And so it proved. The group of three became a group of four, then five, and despite a painful moment of spasm in my injured thigh, I managed to stay on and we began to swing leads out towards Harrietville. These guys were going for sub-ten times, so a good group to be in.

Unfortunately, this state of affairs was not long lived. We were absorbed by a larger group which came up from behind us and suddenly all was chaos. There were dropped bottles, touches of handlebars, yelling, cursing, half-wheeling and general bunch ride horror. The group would spread three or four wide across the road as riders would refuse to cede position to other riders who’d just done a turn on the front. Others would do mere seconds on the nose of the bunch before scuttling back and leaving a core of riders willing to work. My turn on the front was characterised, as per usual, of being left hung out to dry by a bunch while only one or two guys showed willing. I was not happy.

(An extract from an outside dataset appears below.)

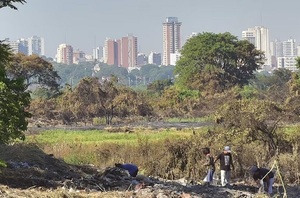 Declaran emergencia y cierre de la reserva San Miguel por un año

So, when I got to Harrietville, the fact that I’d severely cracked the shits with this nonsense may have contributed to my avoiding the rest stop and foolishly heading off up the Mount Hotham climb with not much more than half a bottle on the bike and my full cold-condition clothing still on.

About a kilometre or so in, I realised the folly of this move and pulled off to the side. I shed my wind vest and leg warmers, and rolled up the base layer sleeves. I opted not to go back down for more water to augment my nearly-empty supply, but to head upwards and hope what I had would last until the tollgate or Hotham Village itself. 30km, pretty much all uphill.

Not a grand idea.

I was on the dregs of my bottles before the 10-20km false flat section, and suffered for it. Luckily for me, the end of the flat riding had a rest stop which I didn’t have written on my ride plan. Gratefully I pulled in, refilled, grabbed some fuel and poured a bottle and a half down my neck, before one of my pub companions from Saturday night rolled in. He was eager to go, so I made sure we were good and headed out, but I’d stuck myself in a bit of a dehydration hole and in a couple of kilometres I’d been dropped, left to deal with the climb on my own terms.

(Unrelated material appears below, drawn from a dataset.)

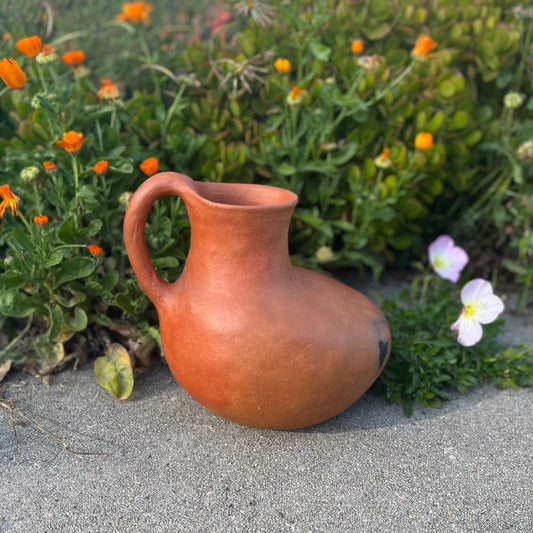 Bean Jar in Barro Rojo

I’d ridden Hotham before, but the bushfires that came through last year and re-routed the 2013 Three Peaks had altered the character of the riding somewhat. The road itself hadn’t much changed – aside from a few resurfaced sections, but the surroundings were different. I didn’t recall being able to look down a precipitous drop to the road I’d just ridden up quite so often on my last ride, and I didn’t recall quite so much breeze or exposure to the wind on the middle section. There were also missing signs which threw out my mental waypoints somewhat,

Previously, I’d done the climb in roughly two hours – on a Full Suspension 29er –  so I expected to get up quicker on the road bike. However the stops to de-layer and to re-fill, as well as the loss of power caused by dehydration and the extra climb of Tawonga in the legs, meant I was only just inside my previous time. Nevertheless, soon I passed the Diamantina, which seemed less daunting than before, and not long after I was over Hotham and on the descent.

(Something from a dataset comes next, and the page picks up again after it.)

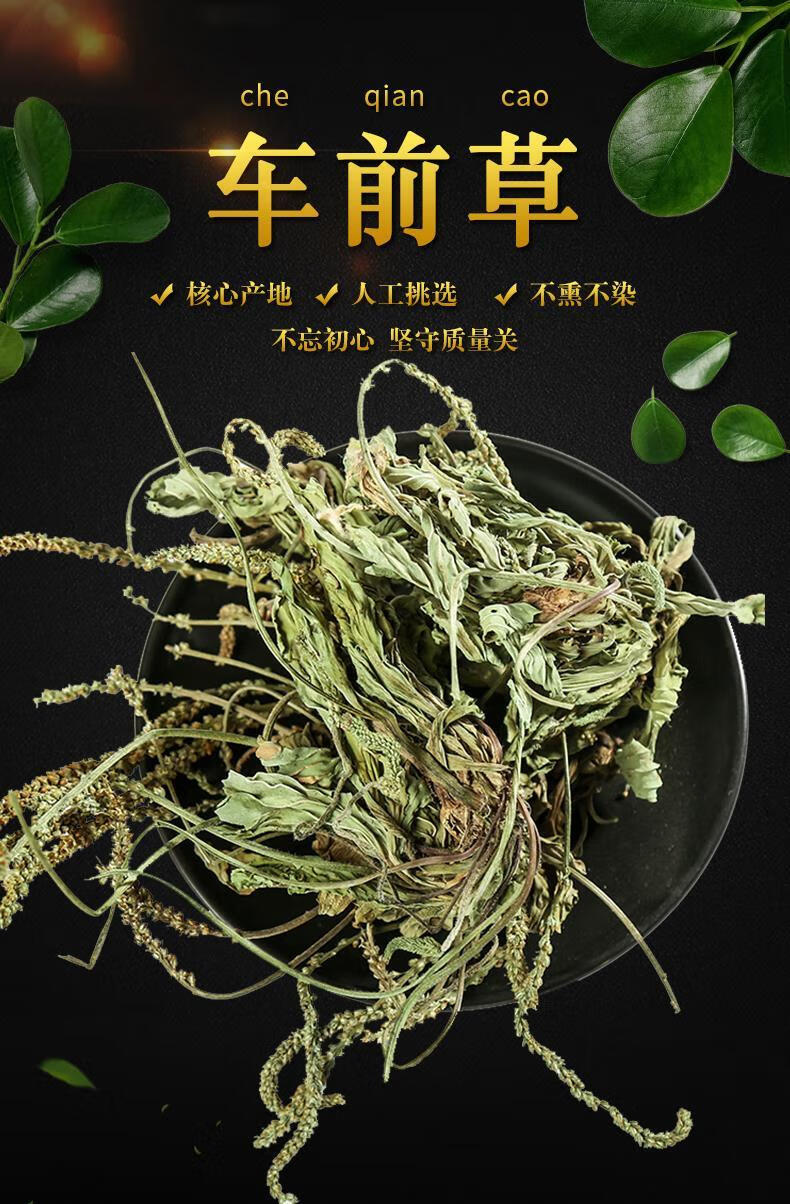 车前草药用价值图片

This downhill section was quick – not as fast as the previous descents, due to an easier gradient and a slower, more dead road surface, but the thing that made it stand out in my mind was the number of discarded banana peels. In my mind, I was playing a round of Mario Kart, trying my best to set a fast time while dodging projectiles flung by my rivals. I was also very much aware of the fatigue rolling in. Several of the landmarks of my mental plan were out of the way, however. Two climbs down, the first hundred kilometres ticked and the half way mark approaching rapidly. As Dinner Plain came into view, I gratefully turned into the lunch stop, cyclocrossed my way across the grass and headed for food. I was probably a small amount behind schedule, but with only one major climb left and a lot of rolling terrain, catching a good group would maybe get me back into shape before Pain Lane and see me back on my schedule for the run into Falls.